Goal of the exercise: Write out, exactly and in full, the line where "Organic Stretch Poplin" appears together with all lines that follow it in the entries below. Do not include pictures.

Input records:
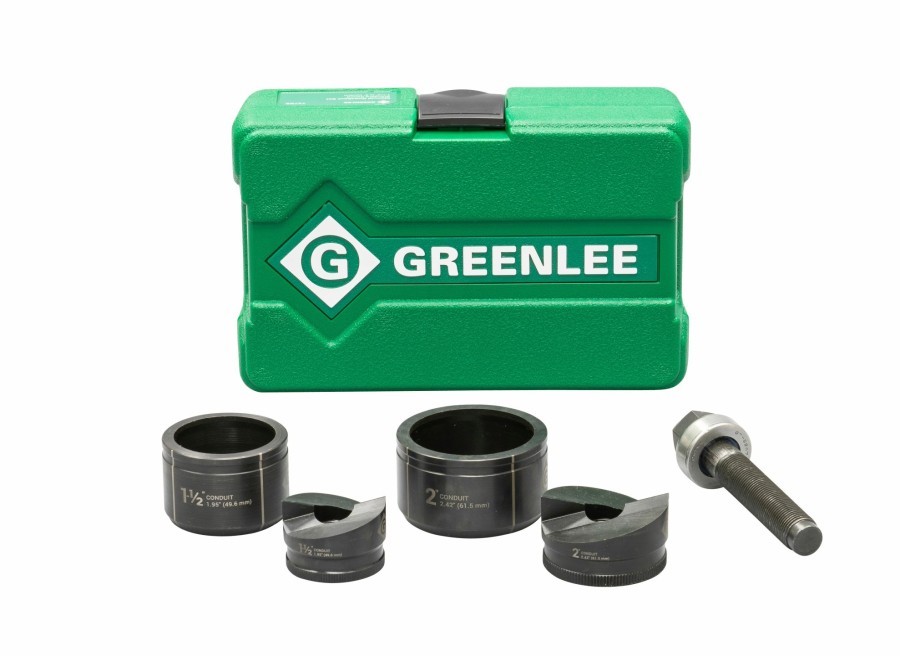 Electrician's Tools Greenlee | Greenlee 7237Bb Slug-Buster® 1-1/2" - 2" Manual Knockout Set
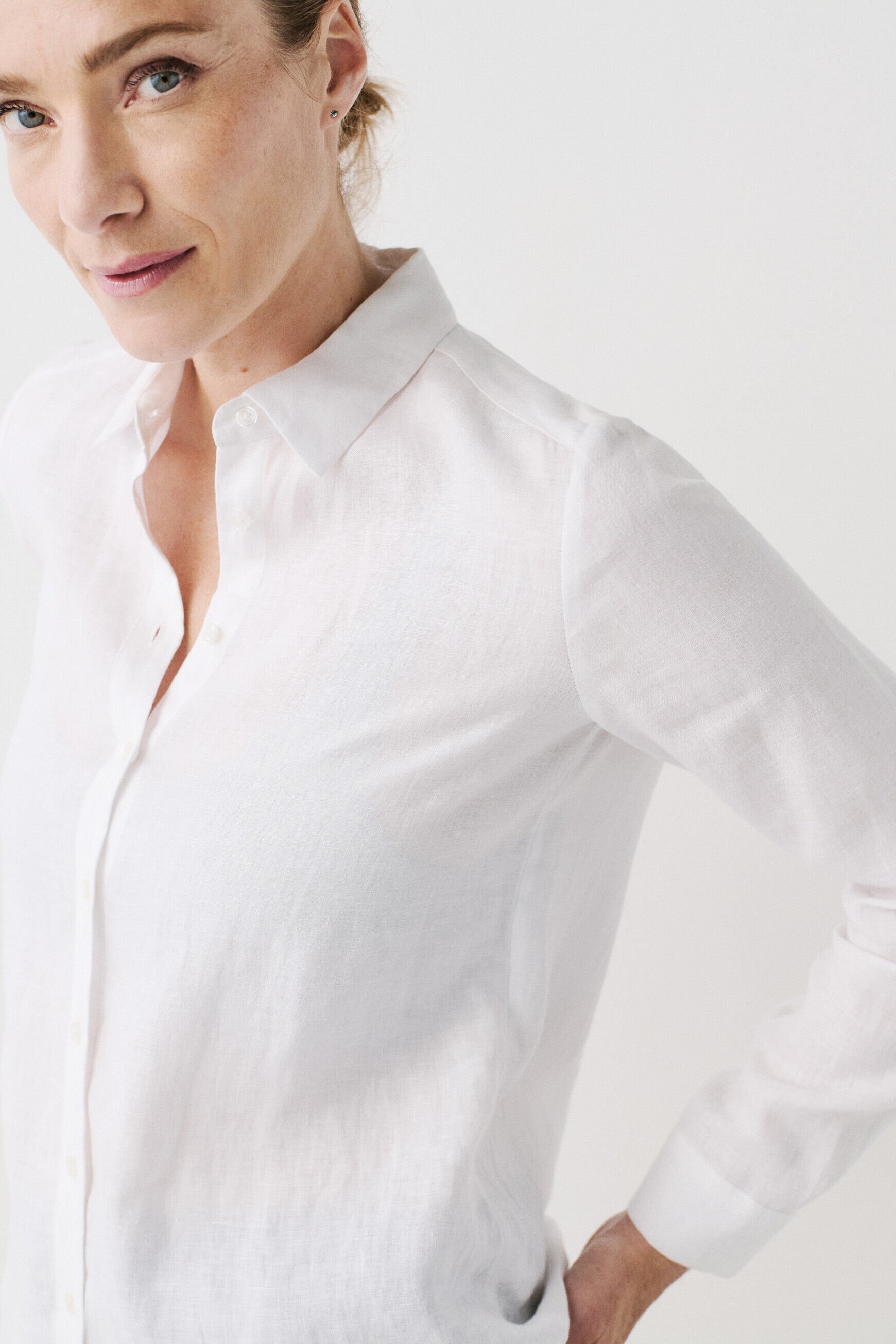 chemise brenda 100% lin blanc femme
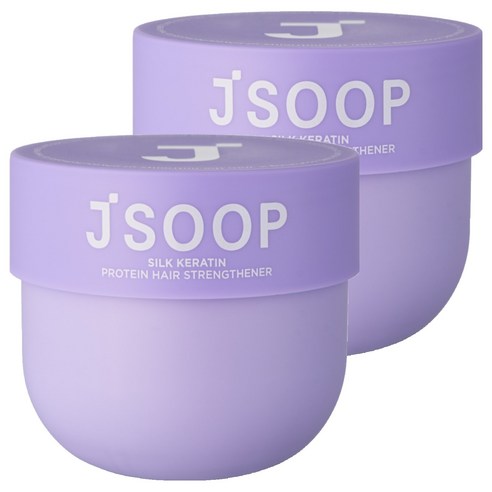 제이숲 실크 케라틴 단백질 모발 강화 헤어팩, 450ml, 2개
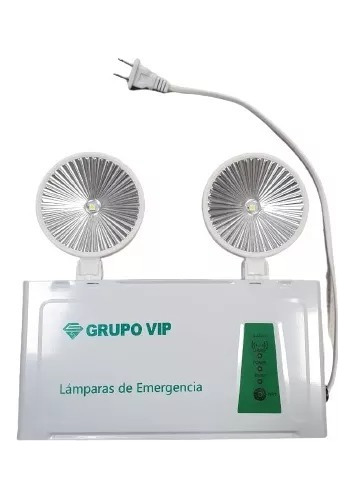 Lampara De Emergencia Led Doble Faro Recargable Iluminación 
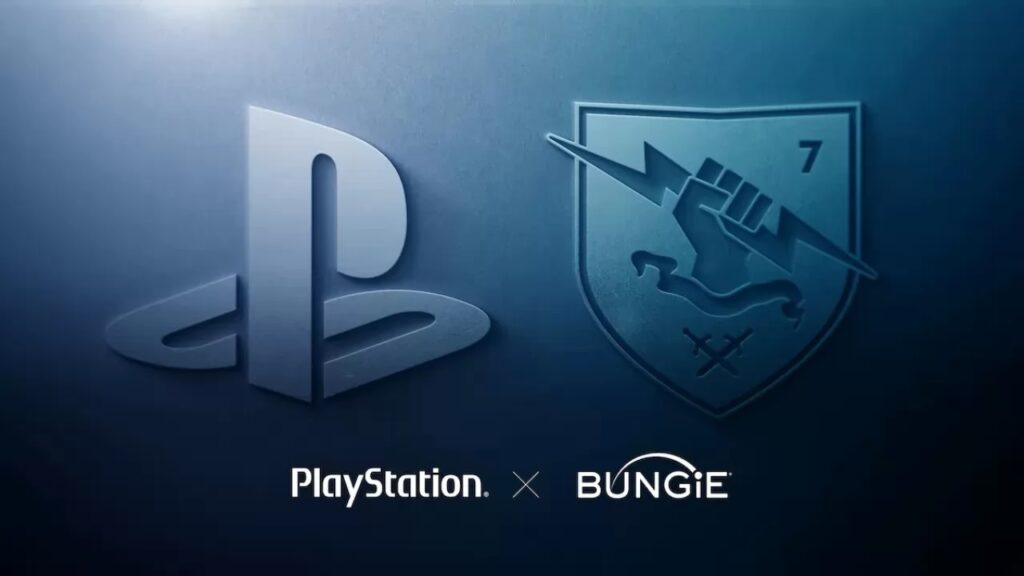 Il logo di PlayStation e Bungie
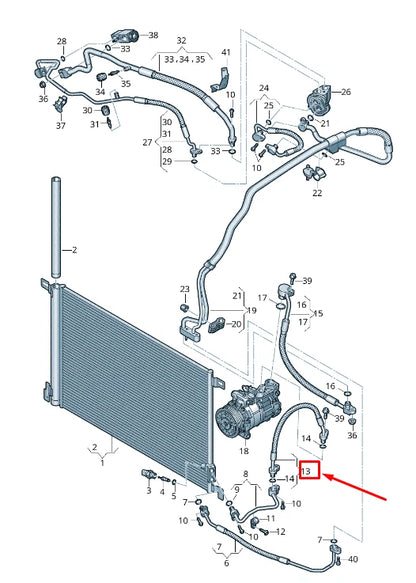 NEW AUDI A8 4N A/C REFRIGERANT LINE 4N0260701L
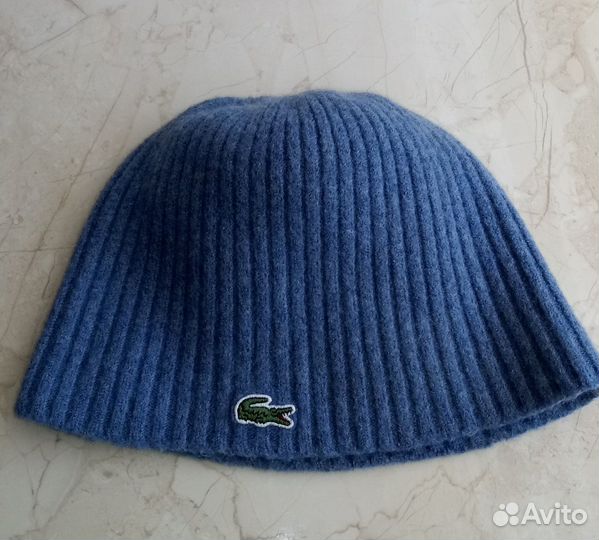 Lacoste шапка шерсть 100%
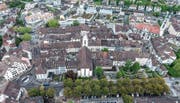 Sagen Stadtrat, Gemeinderat und Stimmvolk definitiv Ja zur Variante 20, führt ein Tunnel mitten durch die Innenstadt. (Bild: Olaf Kühne)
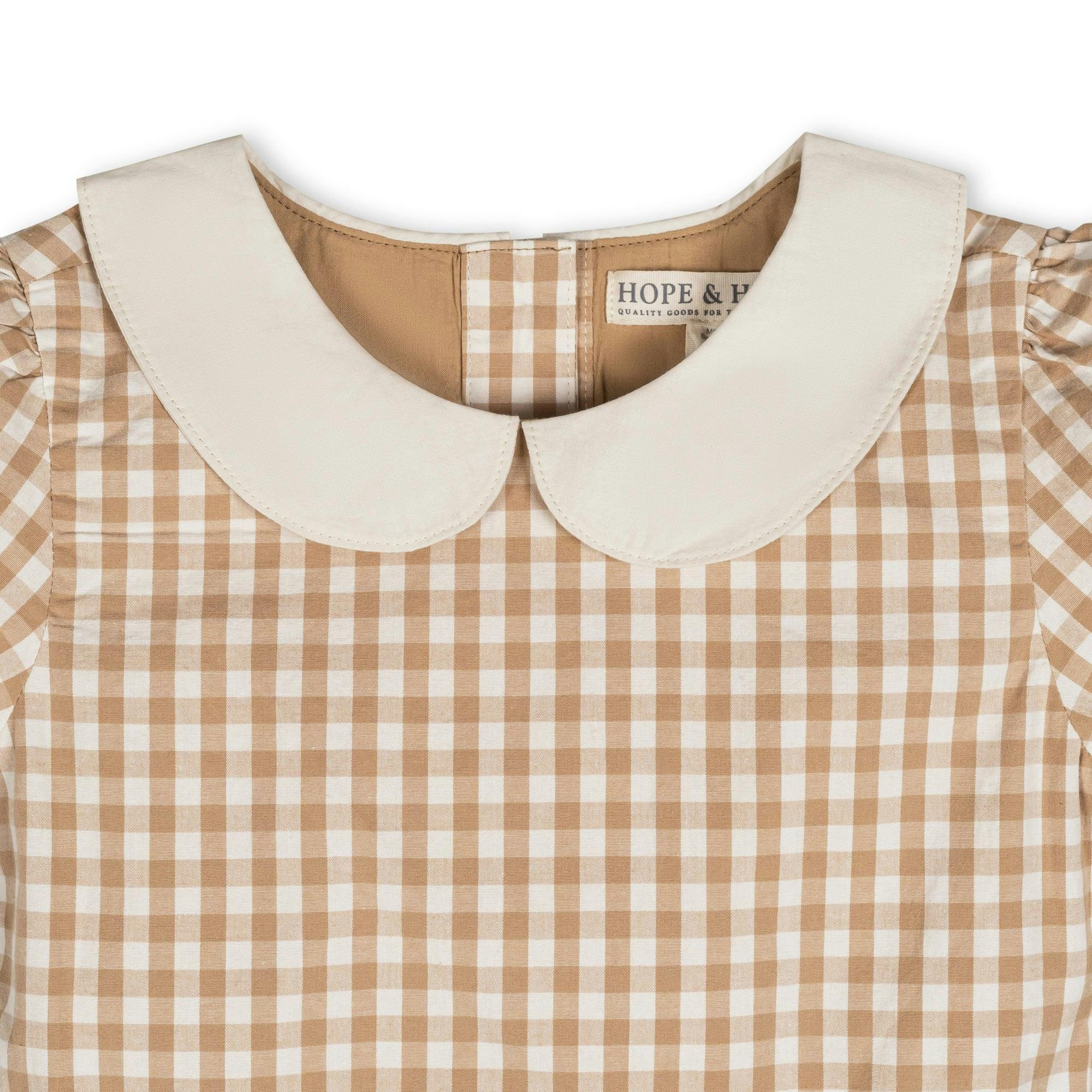 Organic Stretch Poplin Peter Pan Collar Dress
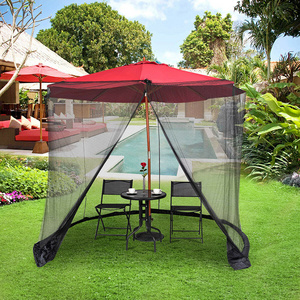 New 7ft patio umbrella outdoor camping mosquito net cover folding baby Anti-insect mesh mosquito netting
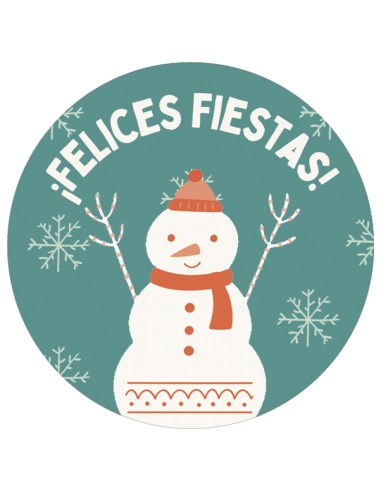 Bolsita chuches Nubes de Navidad con pegatina...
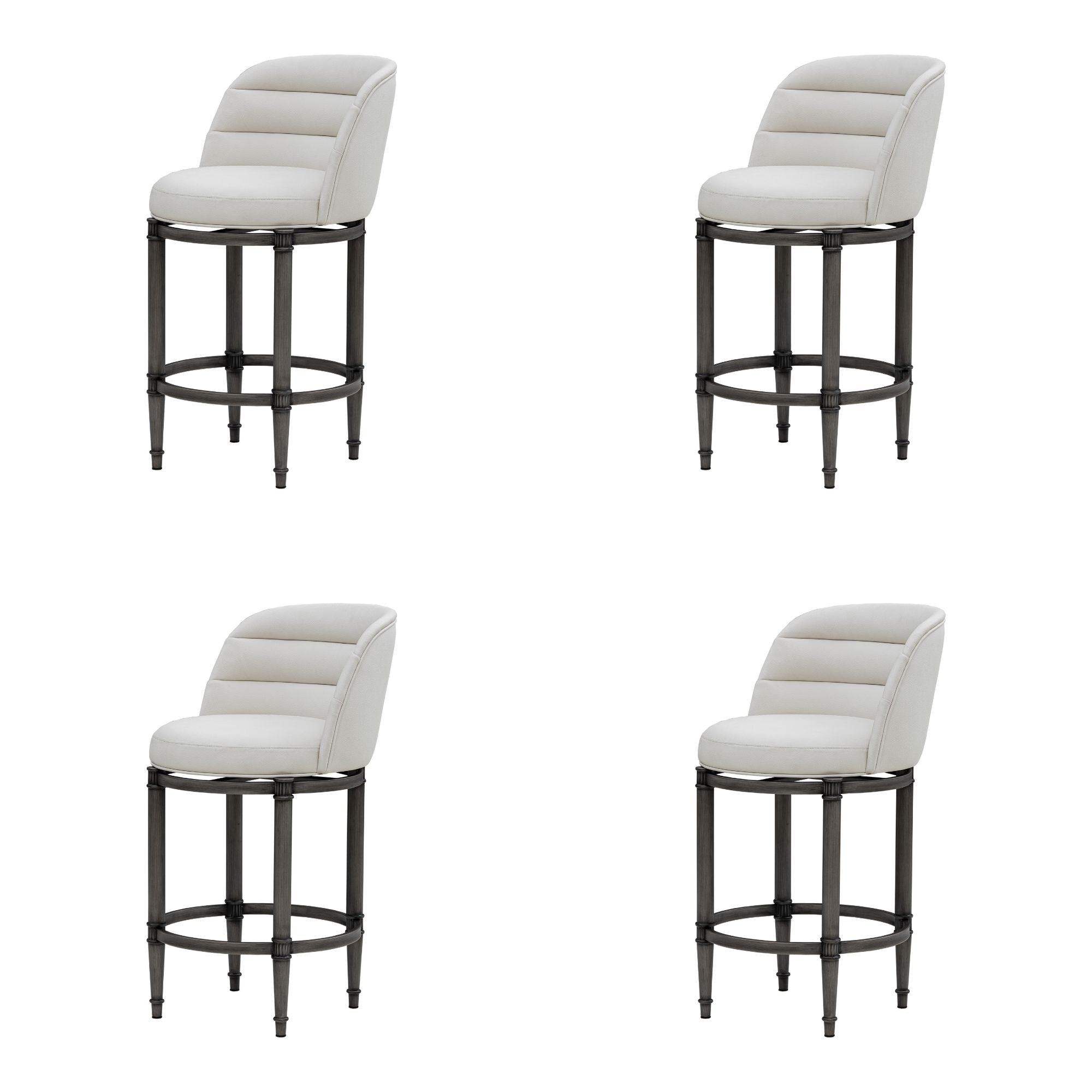Eunice - Faux Leather Upholstered Swivel Counter Height Barstool
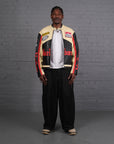 Vintage Marlboro Racing Leather Jacket in Cream & Black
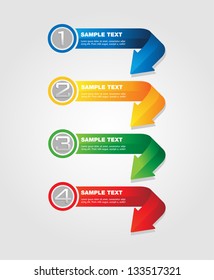 Arrows concept - info graphic - forward steps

Exercise solution:
 Organic Stretch Poplin Peter Pan Collar Dress
 New 7ft patio umbrella outdoor camping mosquito net cover folding baby Anti-insect mesh mosquito netting
 Bolsita chuches Nubes de Navidad con pegatina...
Eunice - Faux Leather Upholstered Swivel Counter Height Barstool
 Vintage Marlboro Racing Leather Jacket in Cream & Black
 Arrows concept - info graphic - forward steps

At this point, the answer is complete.